**Information provided**
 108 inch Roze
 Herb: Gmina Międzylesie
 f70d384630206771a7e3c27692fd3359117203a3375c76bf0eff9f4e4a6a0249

**Task description**
The full listing, repeated exactly, is the expected answer.

**Task solution**
 108 inch Roze
 Herb: Gmina Międzylesie
 f70d384630206771a7e3c27692fd3359117203a3375c76bf0eff9f4e4a6a0249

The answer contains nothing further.